## Listed entries
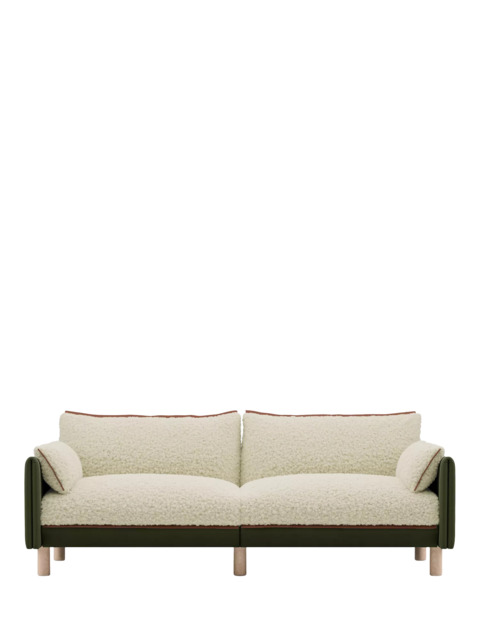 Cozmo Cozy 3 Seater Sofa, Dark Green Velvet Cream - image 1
...
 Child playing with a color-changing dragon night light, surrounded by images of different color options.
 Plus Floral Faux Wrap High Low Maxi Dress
...
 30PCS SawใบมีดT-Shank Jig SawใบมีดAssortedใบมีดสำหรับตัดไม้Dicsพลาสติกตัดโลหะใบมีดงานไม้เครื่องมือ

## Problem requirements
Your answer should be the lines above, from the line containing "Child playing with" up to and including the line containing "Plus Floral Faux Wrap High Low Maxi Dress", reproduced exactly and with nothing else.

## Response for this exercise
 Child playing with a color-changing dragon night light, surrounded by images of different color options.
 Plus Floral Faux Wrap High Low Maxi Dress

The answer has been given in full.